Dan told the story only to his one friend. The friend updated the social activist from Be’er Sheva, Tzipora Halfon, who volunteers in the organization ‘Together for the Soldier.’ Halfon posted on her Facebook page and asked her friends to help Dan. “Just because he’s gay… Suddenly I understood what I’ve always known. When they come out of the closet, the parents go into the closet… I read the hard messages sent from his mother and I couldn’t stop the tears! With no food, with no place to shower and without a penny,” wrote Halfon. The post recieved hundreds of comments from people across the country who offered to help the soldier.
“It’s a heartbreaking story. I decided to do everything I could to help the guy, and I hope that the public will also help us help him start a new life,” Halfon told Mako Pride. Oshik Kraus, an accountant from Tel Aviv who read the post, came out to help the discharged soldier. MK Amir Ohana of the Likud also joined in helping him.

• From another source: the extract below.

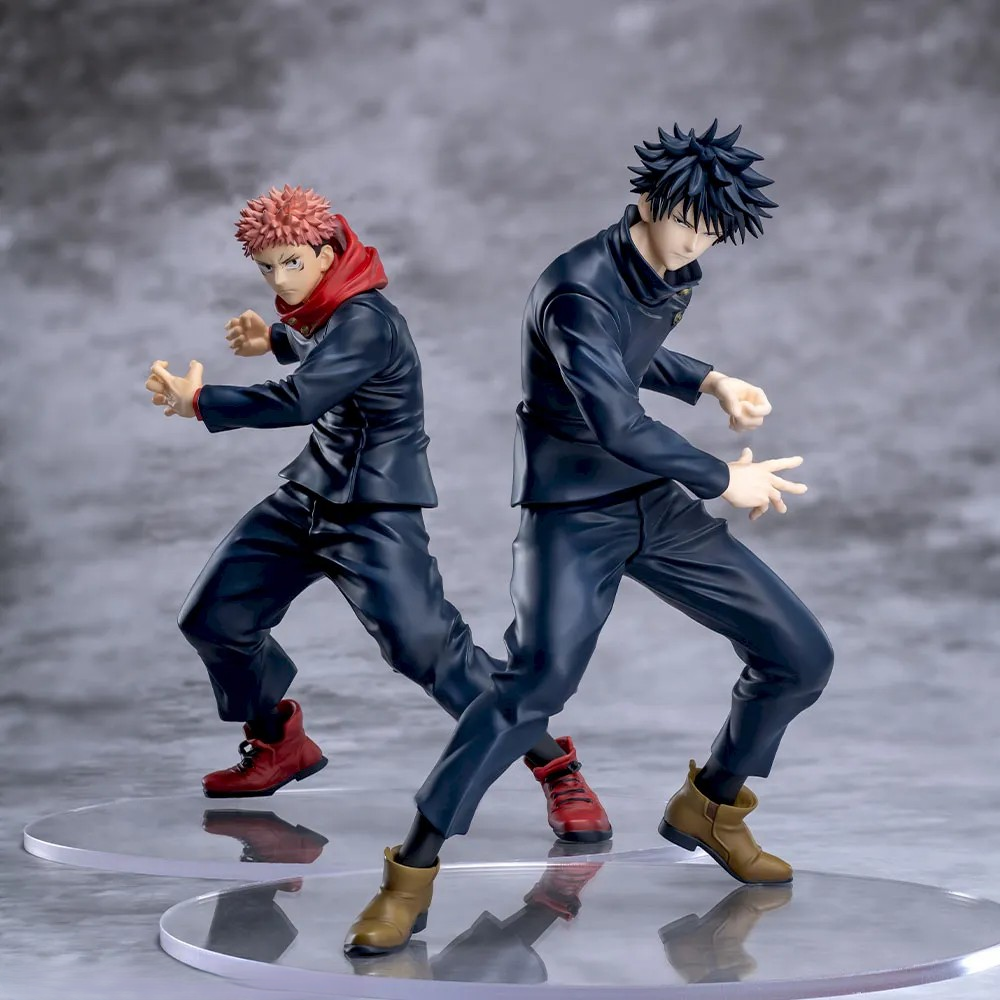 Action Figure Megumi Fushiguro – Jujutsu Kaisen 5th Anniversary Luminasta SEGA – Original do Japão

“It’s just a shocking and difficult story, and it’s very exciting to see how, in the face of the harsh and alienated attitude of the parents, so many good people have enlisted to help,” said MK Itzik Shmuli, member of the Work and Welfare Committee, who also was among the volunteers to help Dan. “Beyond the specific help in this case, a special session will be held in the Knesset to examine the assistance offered by the army to soldiers and discharged soldiers who have encountered similar situations with their families against the background of coming out.”
A few days after the the first post on Facebook about Dan, it looks like this story is going to end well. “Together for the Soldier” volunteers, colleagues of Tzipora in Tel Aviv, arranged for Dan to sleep in Beit Hahayal for a few nights, until a Tel Aviv resident agreed to join the rescue mission and offered him temporary residence. Dan started working temporarily in a cafe until he finds a permanent job. He still needs basic equipment so he can start his new life. “I need clothes, shoes, deodorant and anything basic until I start getting paid,” he says. “I’m starting a new life.”